To my way of thinking, Warwick had more to do with George’s arrest than anyone else. He’d gotten George involved in some secret plan to thwart a sitting U.S. President. In some countries, that alone would have been treason.
“And if you throw me out, I’ll find another, more public way to talk to you. Maybe you’d like to do this in front of my good friend, Frank Bennett?”
I was quite sure Sheldon Warwick would never want to respond to my questions about General Andrews on local television. But it wasn’t an empty threat. I would involve the media now, if I had to. I had little to lose.
Warwick’s eyes narrowed into small slits as he judged my sincerity.
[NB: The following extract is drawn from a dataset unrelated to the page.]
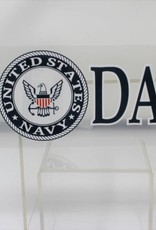 Navy Dad Decal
“So, it’d be easier for both of us if we just did this now,” I told him.
Warwick drained his martini glass and poured himself another, without changing the onions. I forged ahead. “I want to know why President Benson appointed General Andrews to the Supreme Court.”
“Maybe he thought Andy was the best man for the job.”
“We both know that’s not true. It had something to do with Thomas Holmes.” I waited a couple of beats, “And his murder.” I watched Warwick closely. He’d played political poker for a long time. His facial expressions gave nothing away.